I was finally able to open a TAC case with Cisco. Here is what they suggested, but so far it hasn't worked.
ip forward-protocol udp 67
ip forward-protocol udp 69
ip forward-protocol udp 4011
Even with these commands the PXE imaging fails. All other services by other clients remain up.
I'll keep this posted as more info comes, and if we find the solution.
>>> With this being a classified network, I am unable to run any kind of sniffer to verify connections <<<
This should not completely be true?
sniffing should be allowed , but you need to filter on this specific problem. and disregard data from other hosts that are not involved here.
so if it is possible to have a setup with the 3850 and only a single PXE client there should be something possible?

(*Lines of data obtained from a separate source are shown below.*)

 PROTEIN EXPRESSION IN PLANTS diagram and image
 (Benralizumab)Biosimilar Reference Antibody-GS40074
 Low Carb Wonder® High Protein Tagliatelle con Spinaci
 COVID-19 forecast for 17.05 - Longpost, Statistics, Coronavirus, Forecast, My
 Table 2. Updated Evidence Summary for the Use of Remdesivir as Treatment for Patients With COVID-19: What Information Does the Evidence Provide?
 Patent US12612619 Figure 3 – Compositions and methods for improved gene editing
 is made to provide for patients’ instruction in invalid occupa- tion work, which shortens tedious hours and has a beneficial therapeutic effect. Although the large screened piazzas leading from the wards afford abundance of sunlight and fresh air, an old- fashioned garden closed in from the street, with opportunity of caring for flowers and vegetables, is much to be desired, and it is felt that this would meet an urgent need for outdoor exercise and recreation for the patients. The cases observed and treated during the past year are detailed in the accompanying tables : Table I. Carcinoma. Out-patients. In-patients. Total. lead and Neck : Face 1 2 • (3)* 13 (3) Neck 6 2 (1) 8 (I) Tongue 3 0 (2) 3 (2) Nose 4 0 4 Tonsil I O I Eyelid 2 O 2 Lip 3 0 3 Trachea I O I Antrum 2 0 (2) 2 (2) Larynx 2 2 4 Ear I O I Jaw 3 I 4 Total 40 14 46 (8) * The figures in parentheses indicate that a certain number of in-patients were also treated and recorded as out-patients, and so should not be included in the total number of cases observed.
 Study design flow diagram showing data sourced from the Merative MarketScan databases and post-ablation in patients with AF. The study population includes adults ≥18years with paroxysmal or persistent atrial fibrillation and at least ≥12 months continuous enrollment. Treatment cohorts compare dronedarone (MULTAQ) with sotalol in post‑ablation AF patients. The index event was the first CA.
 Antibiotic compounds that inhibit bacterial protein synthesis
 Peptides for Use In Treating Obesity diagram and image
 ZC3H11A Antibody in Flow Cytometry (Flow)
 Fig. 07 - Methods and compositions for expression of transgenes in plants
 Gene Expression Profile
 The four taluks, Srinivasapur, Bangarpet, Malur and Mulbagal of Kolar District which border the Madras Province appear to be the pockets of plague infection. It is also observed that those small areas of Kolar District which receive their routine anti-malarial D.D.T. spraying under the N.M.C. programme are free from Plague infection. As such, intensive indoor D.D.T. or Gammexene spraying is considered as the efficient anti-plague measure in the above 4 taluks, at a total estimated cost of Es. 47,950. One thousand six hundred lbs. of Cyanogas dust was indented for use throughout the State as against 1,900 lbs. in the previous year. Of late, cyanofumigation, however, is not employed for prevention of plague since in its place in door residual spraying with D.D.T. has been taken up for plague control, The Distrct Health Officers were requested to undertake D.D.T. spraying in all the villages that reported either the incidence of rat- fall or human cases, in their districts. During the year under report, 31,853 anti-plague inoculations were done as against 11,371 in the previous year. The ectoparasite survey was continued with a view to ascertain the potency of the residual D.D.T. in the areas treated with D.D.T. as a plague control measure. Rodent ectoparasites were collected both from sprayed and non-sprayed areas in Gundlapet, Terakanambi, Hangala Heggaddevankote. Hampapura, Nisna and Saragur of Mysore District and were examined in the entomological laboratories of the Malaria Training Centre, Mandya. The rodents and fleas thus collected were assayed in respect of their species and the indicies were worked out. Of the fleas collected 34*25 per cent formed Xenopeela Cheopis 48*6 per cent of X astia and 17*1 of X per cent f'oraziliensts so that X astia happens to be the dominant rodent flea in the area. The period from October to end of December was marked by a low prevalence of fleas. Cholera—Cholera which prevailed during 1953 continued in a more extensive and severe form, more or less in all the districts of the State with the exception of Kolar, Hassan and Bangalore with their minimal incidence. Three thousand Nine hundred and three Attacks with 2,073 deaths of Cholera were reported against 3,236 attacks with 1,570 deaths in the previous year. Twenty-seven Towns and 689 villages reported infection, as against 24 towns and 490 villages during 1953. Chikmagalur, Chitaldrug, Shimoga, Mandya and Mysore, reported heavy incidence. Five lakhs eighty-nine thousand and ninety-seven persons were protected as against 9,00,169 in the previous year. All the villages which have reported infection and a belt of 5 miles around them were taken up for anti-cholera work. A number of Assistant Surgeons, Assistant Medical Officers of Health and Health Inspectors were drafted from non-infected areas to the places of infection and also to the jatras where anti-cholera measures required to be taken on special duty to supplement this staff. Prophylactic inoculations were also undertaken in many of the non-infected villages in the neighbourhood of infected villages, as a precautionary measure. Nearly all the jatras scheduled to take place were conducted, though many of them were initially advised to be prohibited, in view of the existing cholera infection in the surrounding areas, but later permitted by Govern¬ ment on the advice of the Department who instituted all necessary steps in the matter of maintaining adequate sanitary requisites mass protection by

apart from that maybe you need to investigate ACL's in backwards direction that may not allow the return packet.
Thanks for the additional information. Glad you were able to open a case with Cisco TAC. Hopefully you can share some information with them that you could not post in this public community that might shed some light on the issue. The suggestion of forward protocol for udp 4011 is interesting. I believe that I have seen PXE work successfully without specifying that forward protocol, but it is certainly a logical suggestion.
Thanks for confirming that DNS resolution does work for the clients and that you have tried helper address for both the DHCP server and the PXE server. You have verified that traffic initiated from clients to server is successful (ping in particular). Have you tested whether traffic initiated from server to client is also successful?
I wonder if enabling directed broadcast on the client vlan interface would have any effect?